One of the unfortunate consequences of the political hurricane that is Brexit and Trump is that, drowned out by the noise and the mayhem, many political and legislative developments have slipped by quietly and largely unnoticed. The passage of the Investigatory Powers Act (which awaits royal assent) and the Digital Economy Bill (which has completed its legislative stages in the House of Commons, and now moves onto the House of Lords, with a view to it passing into law in 2017) is a case in point. Both are appalling pieces of legislation containing numerous problems—yet there has been little public debate about either of them. Here I’m going to discuss only the Digital Economy Bill, a piece of legislation that deals with several broad issues pertaining to digital communications, above all piracy, file sharing, copyright and pornography.
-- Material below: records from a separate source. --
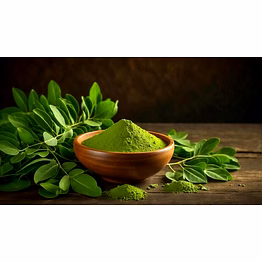 moringa powder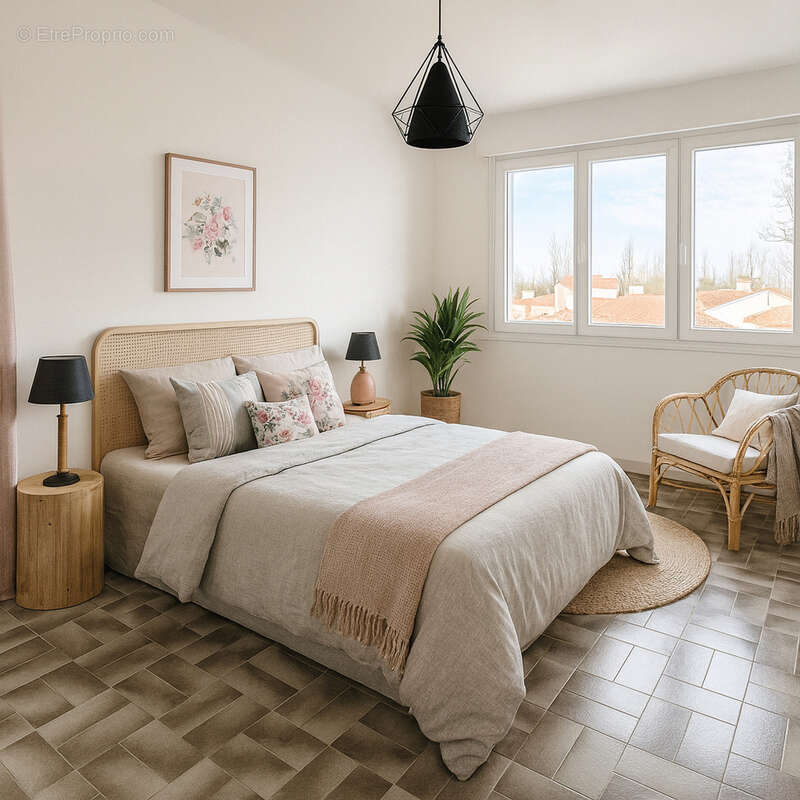 Appartement à LA TRANCHE-SUR-MER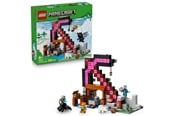 LEGO® - LEGO Minecraft 21277 Spetshackegruvan - 21277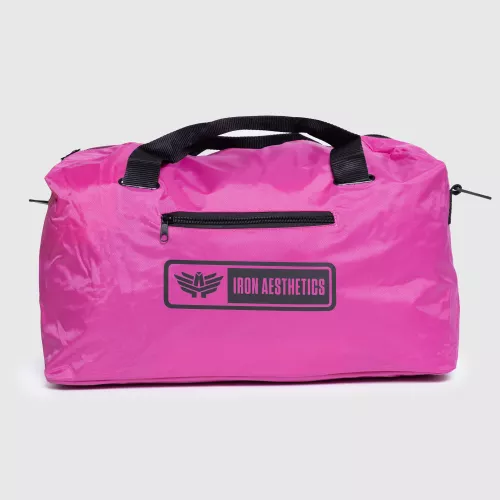 Športová taška Iron Aesthetics Cool Gym, ružová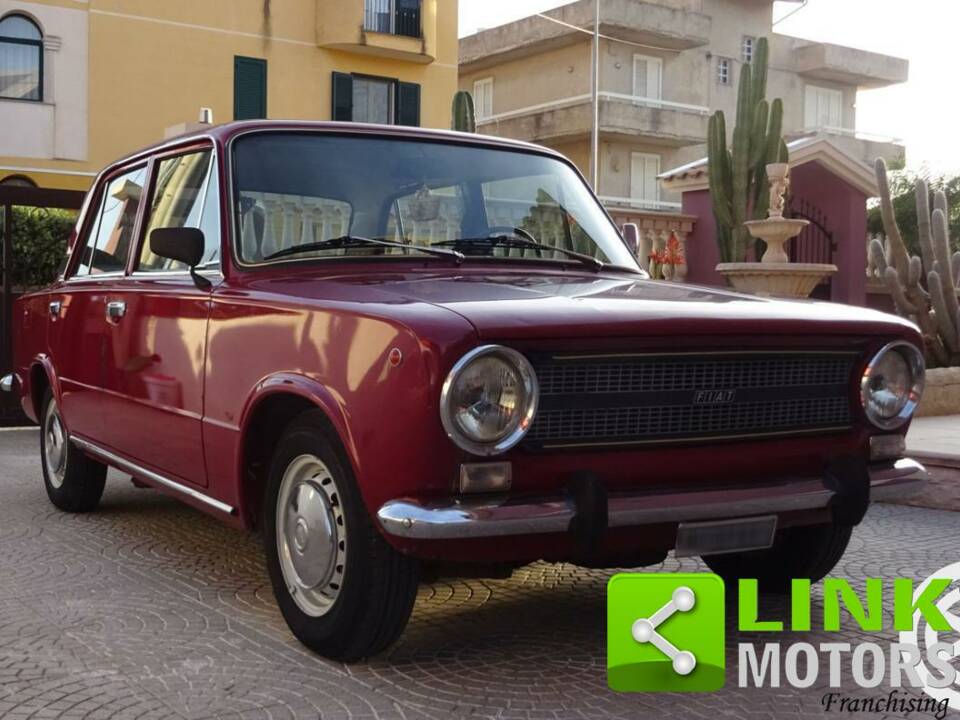 Bild 4/10 von FIAT 124 Special (1973)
At the risk of disappointing readers, I will focus here solely on that driest of topics: pornography.

Perhaps some form of disclosure ought to preface my discussion. In principle I have no problem with pornography. Sex is an (occasionally) enjoyable and important part of being human; the opportunity to enjoy it, think about it and explore it through pornography and erotica is valuable. (I have written elsewhere about pornography’s historical relationship to radicalism, subversion, satire and freedom.) There are no good arguments, but many bad moral arguments, against the depiction of sex. When it comes to pornography, I am not far off being a libertarian. At the same time, however, I think most pornography is dreadful and has helped to create attitudes towards sex and sexuality which I find troubling; and there is no doubt that the pornography industry is frequently exploitative, and often downright nasty (although, to be fair, the same can be said about most industries and occupations). That a large proportion of pornography is boring, dreary, rubbish, horrible, or all four, and that many pornographic performers are exploited, do not, however, constitute reasons to ban pornography; rather, they should be met by artistic and ethical efforts, by good porn, by feminist porn, by ethical porn, by intelligent erotica. I am, I might add, quite a fan of erotica.
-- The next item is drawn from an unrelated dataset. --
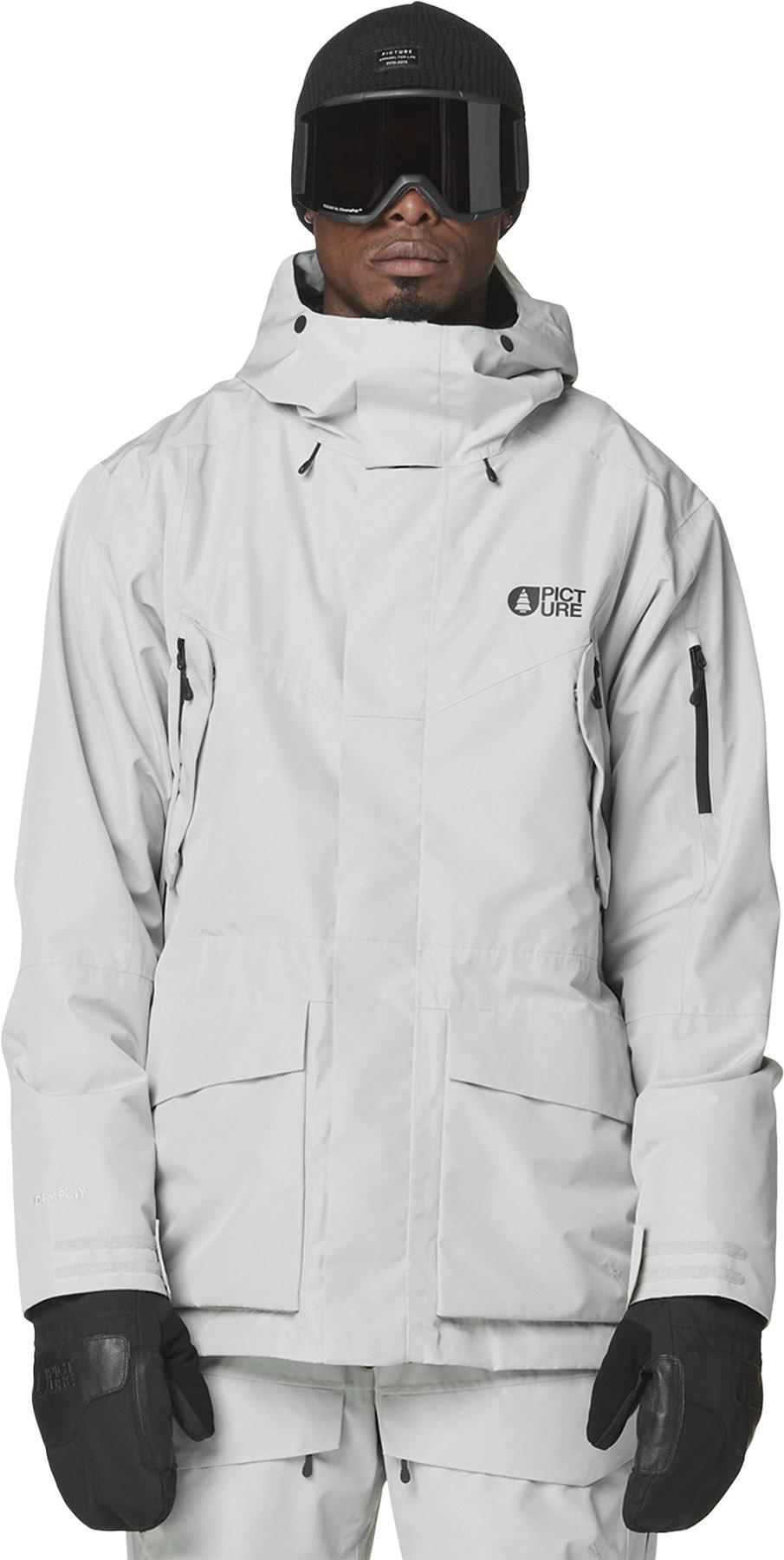 Product gallery image number 5 for product U78 2 Layer Ski Jacket - Men's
The Digital Economy Bill attempts to address a supposedly common source of popular anxiety: the easy accessibility of pornography to children. Whether or not this anxiety is exaggerated and hysterical, and whether it can be found beyond the pages and readers of the Daily Mail, is not something I can discuss with any authority; but moral panics are not unheard of. (What would be the point of the Daily Mail if it didn’t have a good moral panic to scream about?) Nevertheless, I’m led to believe that there evidently is a lot of pornography on the internet within easy reach, and children, being curious creatures, are wont to search for it. It would be trite to suggest that it is the responsibility of parents to manage and obstruct this curiosity; far better, the government and the morally righteous have concluded, would be to get the state to do the job.

The proposed solution to the problem, as outlined in the new legislation, amounts to this: adult material (by which is meant images, videos and audio) will henceforth require age verification (AV) in order to be accessed; a regulator will be appointed to police the internet, with the powers to enforce sites to implement AV, to block sites that do not comply with the legislation, and to fine site owners in contravention of the law (up to £250,000 or 5% of a site’s turnover, whichever is the greater); the British Board of Film Classification (BBFC) will be assigned the Herculean task of determining whether a site contains adult content. It is important to note that the legislation applies only to commercial sites; non-commercial sites (for example, personal blogs and amateur websites) are unaffected. It is also worth noting that pornography and erotica in the form of the written word are also unaffected; those who like to read and write erotica can breathe a sigh of relief.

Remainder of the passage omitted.